Type: const DML_TENSOR_DESC*

An input tensor.

OutputCountTensor

Type: const DML_TENSOR_DESC*

An output tensor that holds the count of non-zero elements in the input tensor. This tensor must be a scalar—that is, the Sizes of this tensor must all be 1. The type of this tensor must be UINT32.

OutputCoordinatesTensor

Type: const DML_TENSOR_DESC*

An output tensor that holds the N-dimensional coordinates of the input elements which are non-zero.

This tensor must have Sizes of {1,1,M,N} (if DimensionCount is 4), or {1,1,1,M,N} (if DimensionCount is 5), where M is the total number of elements in the InputTensor, and N is greater or equal to the effective rank of InputTensor, up to the DimensionCount of the input.

The effective rank of a tensor is determined by the DimensionCount of that tensor excluding leading dimensions of size 1. For example a tensor with sizes of {1,2,3,4} has effective rank 3, as does a tensor with sizes of {1,1,5,5,5}. A tensor with sizes {1,1,1,1} has effective rank 0.
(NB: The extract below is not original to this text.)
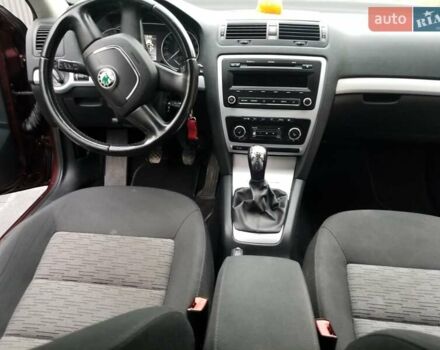 Красный Шкода Октавия, объемом двигателя 1.8 л и пробегом 210 тыс. км за 6950 $, фото 10 на Automoto.ua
Consider an InputTensor with Sizes of {1,1,12,5}. This input tensor contains 60 elements, and has an effective rank of 2. In this example all valid sizes of OutputCoordinatesTensor are of the form {1,1,60,N}, where N >= 2 but no greater than the DimensionCount (4 in this example).

The coordinates written into this tensor are guaranteed to be ordered by ascending element index. For example if the input tensor has 3 non-zero values at coordinates {1,0}, {1,2}, and {0,5}, the values written to the OutputCoordinatesTensor will be [[0,5], [1,0], [1,2]].

While this tensor requires its dimension M to equal the number of elements in the input tensor, this operator will only write a maximum of OutputCount elements to this tensor. The OutputCount is returned through the scalar OutputCountTensor.

Note

The remaining elements of this tensor beyond the OutputCount are undefined once this operator completes. You shouldn't rely on the values of these elements.

Example

InputTensor: (Sizes:{1,1,2,4}, DataType:FLOAT32)
[[1.0f,  0.0f, 0.0f,  2.0f],
 [-0.0f, 3.5f, 0.0f, -5.2f]]

OutputCountTensor: (Sizes:{1,1,1,1}, DataType:UINT32)
[4]

OutputCoordinatesTensor: (Sizes:{1,1,8,3}, DataType:UINT32)
[[0, 0, 0],
 [0, 0, 3],
 [0, 1, 1],
 [0, 1, 3],
 [0, 0, 0], // 
 [0, 0, 0], // Values in rows >= OutputCountTensor (4 in
 [0, 0, 0], // this case) are left undefined
 [0, 0, 0]] // 

Remarks

Availability

This operator was introduced in DML_FEATURE_LEVEL_3_0.

Tensor support

DML_FEATURE_LEVEL_4_0 and above

Tensor Kind Dimensions Supported dimension counts Supported data types
InputTensor Input { [D0], [D1], [D2], [D3], [D4], [D5], [D6], D7 } 1 to 8 FLOAT32, FLOAT16, INT32, INT16, INT8, UINT32, UINT16, UINT8
OutputCountTensor Output { [1], [1], [1], [1], [1], [1], [1], 1 } 1 to 8 UINT32
OutputCoordinatesTensor Output { [1], [1], [1], [1], [1], [1], M, N } 2 to 8 UINT32

DML_FEATURE_LEVEL_3_0 and above

Tensor Kind Dimensions Supported dimension counts Supported data types
InputTensor Input { [D0], D1, D2, D3, D4 } 4 to 5 FLOAT32, FLOAT16, INT32, INT16, INT8, UINT32, UINT16, UINT8
OutputCountTensor Output { [1], 1, 1, 1, 1 } 4 to 5 UINT32
OutputCoordinatesTensor Output { [1], 1, 1, M, N } 4 to 5 UINT32

Requirements

Requirement Value
Minimum supported client Windows 10 Build 20348
Minimum supported server Windows 10 Build 20348
Header directml.h